-- Aim of the exercise --
Among the entries below, extract exactly the lines that run from the one with "N400RK Cessna Citation" through the one with "1 dormitorio con", both ends included.

-- Source material --
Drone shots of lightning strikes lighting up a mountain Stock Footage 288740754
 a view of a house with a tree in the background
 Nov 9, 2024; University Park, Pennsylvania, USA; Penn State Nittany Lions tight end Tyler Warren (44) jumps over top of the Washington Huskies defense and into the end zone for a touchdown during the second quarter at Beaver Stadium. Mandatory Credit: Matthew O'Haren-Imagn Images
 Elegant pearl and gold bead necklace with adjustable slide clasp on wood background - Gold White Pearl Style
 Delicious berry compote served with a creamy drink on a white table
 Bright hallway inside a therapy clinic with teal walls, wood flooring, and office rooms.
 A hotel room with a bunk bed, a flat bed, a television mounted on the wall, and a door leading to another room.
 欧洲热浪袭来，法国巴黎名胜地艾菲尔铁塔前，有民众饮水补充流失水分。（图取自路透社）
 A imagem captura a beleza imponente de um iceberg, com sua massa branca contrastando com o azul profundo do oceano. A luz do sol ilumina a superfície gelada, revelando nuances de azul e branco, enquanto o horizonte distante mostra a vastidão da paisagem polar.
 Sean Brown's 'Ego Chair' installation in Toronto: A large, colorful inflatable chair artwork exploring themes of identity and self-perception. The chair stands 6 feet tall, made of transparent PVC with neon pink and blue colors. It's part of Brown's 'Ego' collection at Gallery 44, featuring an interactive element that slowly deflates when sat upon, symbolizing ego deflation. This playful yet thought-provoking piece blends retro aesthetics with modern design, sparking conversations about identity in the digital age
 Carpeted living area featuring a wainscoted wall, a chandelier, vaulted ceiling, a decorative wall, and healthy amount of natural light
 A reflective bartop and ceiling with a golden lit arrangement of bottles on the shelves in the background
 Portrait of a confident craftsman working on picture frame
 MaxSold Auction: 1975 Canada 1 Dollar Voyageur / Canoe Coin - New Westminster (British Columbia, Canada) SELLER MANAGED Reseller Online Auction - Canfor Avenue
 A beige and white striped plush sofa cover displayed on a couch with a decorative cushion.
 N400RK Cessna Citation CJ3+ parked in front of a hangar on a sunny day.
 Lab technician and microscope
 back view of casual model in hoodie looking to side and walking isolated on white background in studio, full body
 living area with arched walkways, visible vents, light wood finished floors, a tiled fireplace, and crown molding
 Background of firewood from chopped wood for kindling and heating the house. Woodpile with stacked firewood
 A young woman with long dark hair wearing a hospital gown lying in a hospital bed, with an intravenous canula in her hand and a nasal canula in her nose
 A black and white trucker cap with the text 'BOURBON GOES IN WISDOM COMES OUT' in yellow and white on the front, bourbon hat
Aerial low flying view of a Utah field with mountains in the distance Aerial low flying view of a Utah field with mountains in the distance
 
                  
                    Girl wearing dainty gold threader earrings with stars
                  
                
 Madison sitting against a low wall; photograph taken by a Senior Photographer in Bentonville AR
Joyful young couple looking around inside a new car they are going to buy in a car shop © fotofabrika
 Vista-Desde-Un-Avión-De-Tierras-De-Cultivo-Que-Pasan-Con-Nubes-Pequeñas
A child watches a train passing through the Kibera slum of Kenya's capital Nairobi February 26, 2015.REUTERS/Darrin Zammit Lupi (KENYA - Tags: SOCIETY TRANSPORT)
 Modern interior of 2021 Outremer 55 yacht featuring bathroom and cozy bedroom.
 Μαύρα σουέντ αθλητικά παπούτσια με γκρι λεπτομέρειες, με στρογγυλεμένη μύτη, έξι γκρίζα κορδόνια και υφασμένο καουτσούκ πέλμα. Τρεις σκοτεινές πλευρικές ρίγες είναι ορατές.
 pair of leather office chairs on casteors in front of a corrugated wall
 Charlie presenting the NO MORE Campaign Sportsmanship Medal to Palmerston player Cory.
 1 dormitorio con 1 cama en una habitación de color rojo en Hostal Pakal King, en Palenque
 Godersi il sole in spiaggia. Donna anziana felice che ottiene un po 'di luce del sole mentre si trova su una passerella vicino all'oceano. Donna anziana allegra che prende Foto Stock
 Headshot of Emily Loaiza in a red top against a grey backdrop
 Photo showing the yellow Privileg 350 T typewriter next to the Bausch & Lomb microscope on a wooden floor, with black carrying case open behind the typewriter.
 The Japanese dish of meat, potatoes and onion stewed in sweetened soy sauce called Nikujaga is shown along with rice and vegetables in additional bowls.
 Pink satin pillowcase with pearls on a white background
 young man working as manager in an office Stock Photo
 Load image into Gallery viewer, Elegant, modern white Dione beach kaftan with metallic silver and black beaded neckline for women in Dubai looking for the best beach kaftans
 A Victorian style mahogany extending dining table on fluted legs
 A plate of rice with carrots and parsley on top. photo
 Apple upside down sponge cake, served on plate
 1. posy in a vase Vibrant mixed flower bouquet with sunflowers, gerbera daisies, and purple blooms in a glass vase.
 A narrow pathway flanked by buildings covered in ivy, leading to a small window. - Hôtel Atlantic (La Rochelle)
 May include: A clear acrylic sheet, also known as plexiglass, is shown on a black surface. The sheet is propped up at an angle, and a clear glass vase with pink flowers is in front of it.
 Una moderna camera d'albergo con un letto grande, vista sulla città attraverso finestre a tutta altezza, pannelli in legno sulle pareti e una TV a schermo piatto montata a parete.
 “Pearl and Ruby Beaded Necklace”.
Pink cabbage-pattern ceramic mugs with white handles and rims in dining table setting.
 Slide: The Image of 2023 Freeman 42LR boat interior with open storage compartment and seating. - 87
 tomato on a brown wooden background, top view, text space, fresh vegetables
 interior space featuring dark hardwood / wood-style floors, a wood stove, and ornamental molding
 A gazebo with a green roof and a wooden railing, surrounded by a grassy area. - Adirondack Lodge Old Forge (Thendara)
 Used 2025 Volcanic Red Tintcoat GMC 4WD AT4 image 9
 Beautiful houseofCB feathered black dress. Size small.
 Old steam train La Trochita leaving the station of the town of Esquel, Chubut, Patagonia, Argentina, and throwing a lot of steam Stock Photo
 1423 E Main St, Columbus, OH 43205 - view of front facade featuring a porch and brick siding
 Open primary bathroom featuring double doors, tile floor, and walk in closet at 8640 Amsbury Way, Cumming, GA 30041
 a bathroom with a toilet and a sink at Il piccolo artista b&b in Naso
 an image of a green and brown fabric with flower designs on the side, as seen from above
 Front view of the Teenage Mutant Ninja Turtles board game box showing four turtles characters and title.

-- Reply to the task --
 N400RK Cessna Citation CJ3+ parked in front of a hangar on a sunny day.
 Lab technician and microscope
 back view of casual model in hoodie looking to side and walking isolated on white background in studio, full body
 living area with arched walkways, visible vents, light wood finished floors, a tiled fireplace, and crown molding
 Background of firewood from chopped wood for kindling and heating the house. Woodpile with stacked firewood
 A young woman with long dark hair wearing a hospital gown lying in a hospital bed, with an intravenous canula in her hand and a nasal canula in her nose
 A black and white trucker cap with the text 'BOURBON GOES IN WISDOM COMES OUT' in yellow and white on the front, bourbon hat
Aerial low flying view of a Utah field with mountains in the distance Aerial low flying view of a Utah field with mountains in the distance
 
                  
                    Girl wearing dainty gold threader earrings with stars
                  
                
 Madison sitting against a low wall; photograph taken by a Senior Photographer in Bentonville AR
Joyful young couple looking around inside a new car they are going to buy in a car shop © fotofabrika
 Vista-Desde-Un-Avión-De-Tierras-De-Cultivo-Que-Pasan-Con-Nubes-Pequeñas
A child watches a train passing through the Kibera slum of Kenya's capital Nairobi February 26, 2015.REUTERS/Darrin Zammit Lupi (KENYA - Tags: SOCIETY TRANSPORT)
 Modern interior of 2021 Outremer 55 yacht featuring bathroom and cozy bedroom.
 Μαύρα σουέντ αθλητικά παπούτσια με γκρι λεπτομέρειες, με στρογγυλεμένη μύτη, έξι γκρίζα κορδόνια και υφασμένο καουτσούκ πέλμα. Τρεις σκοτεινές πλευρικές ρίγες είναι ορατές.
 pair of leather office chairs on casteors in front of a corrugated wall
 Charlie presenting the NO MORE Campaign Sportsmanship Medal to Palmerston player Cory.
 1 dormitorio con 1 cama en una habitación de color rojo en Hostal Pakal King, en Palenque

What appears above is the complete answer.